M. Butterfly is a play by David Henry Hwang loosely based on the relationship between French diplomat Bernard Boursicot and Shi Pei Pu, a male Peking opera singer. The play premiered on Broadway in 1988 and won several Tony awards including Best Play and Best Performance by a Featured Actor in a Play (B.D. Wong).
M. Butterfly is regularly taught in Asian American studies and Theater courses, and in courses that explore race, gender, and sexuality in U.S. and global contexts. Lecturer Terry Park recently led a trip to Baltimore’s Everyman Theatre to view the play. Everyman’s production of M. Butterfly, timed with the play’s 30th anniversary and its return to Broadway this October in a revised production, is directed by Vincent M. Lancisi and stars Asian American actor Vincent Chum as Song Liling.
From Terry Park:
“I first encountered the play at Vassar College, and went on to perform as one of the lead actors in Vassar productions of two other plays by Hwang–Bondage and Trying to Find Chinatown.

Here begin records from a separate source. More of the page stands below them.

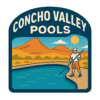Concho Valley Pools logo showing a pool cleaner skimming a backyard pool with West Texas mountains in the background.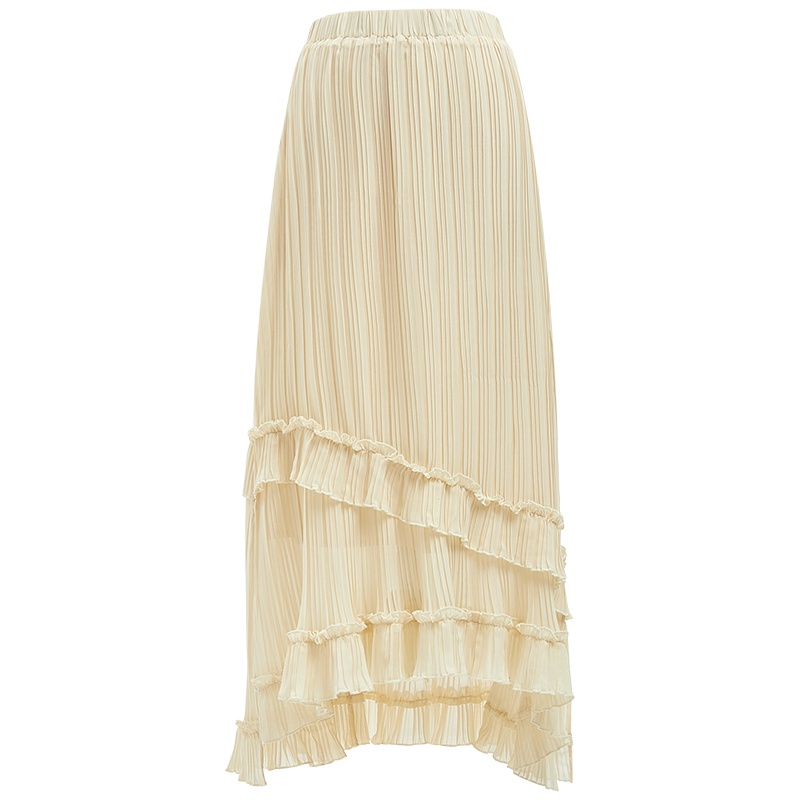 欧昵雪夏季高腰不规则荷叶边雪纺半身裙女开叉显瘦百褶裙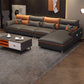 Faux Leather Sectional Sofa with Storage 35.43" High Sofa with Cushion Back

When I entered academia and received the opportunity to teach my own Asian American studies courses, I taught M. Butterfly in a diverse range of institutions from San Quentin State Prison to Harvard University and now, UMD. When a former student of mine from Miami University who now lives in Baltimore told me that M. Butterfly was going to be staged in Baltimore at Everyman, I decided to try to get my Introduction to Asian American Studies students to see the play, even though I had just moved to Baltimore and hadn’t even started my position as a new PTK faculty member of AAST, UMD.
I have had success fundraising for various projects and organizations, including raising over $12,000 for the Boston Chinatown Neighborhood Center this past spring as part of their Boston Marathon fundraising team (it was the most that any single runner has every raised in the history of BCNC’s participation in the Boston Marathon). So, first, I posted on my Facebook asking if anyone could help connect me with Hwang himself. My friend, famed spoken word poet and actor Beau Sia, connected me with Hwang. I told Hwang about my plan, and he said he would be happy to support. At the same time, a friend of mine, Janet S. Kim, who directed my 2005 off-off-Broadway solo show 38th Parallels, called me and said she’d like to donate $300.
I then contacted Everyman, let then know that I wanted to bring my Intro to Asian American Studies students to see M. Butterfly, and asked about the possibility of discounted group tickets. They offered tickets for their Sunday, September 17 show for all of my 40 students and myself at a discounted rate of $10 per ticket. So I posted on my Facebook again, announcing Hwang’s and Kim’s generous support, as well as Everyman’s generous offer of discounted tickets, and asked for support to cover the costs of the tickets and transportation.
Within the hour, I received donation pledges from 9 other people. Along with a friend of mine who I reached out to personally via email, and Phil Nash, who heard about my plan and stopped by my office and wrote a check on the spot, the estimated costs were completely covered. In total, I raised almost $900 ($895) in about 1 day. On Sunday, Sept 17, the chartered DOTS bus picked up most of my 39 Intro to Asian American Studies students from Stamp and drove to Baltimore. A student that I sat next to told me that she grew up in Baltimore but never knew about Everyman Theatre, so she was very appreciative of the opportunity to see a play performed by professional actors in her hometown.”
Director Daniel Henry Hwang himself and the AAST Program stand out among the several donors that made this trip possible.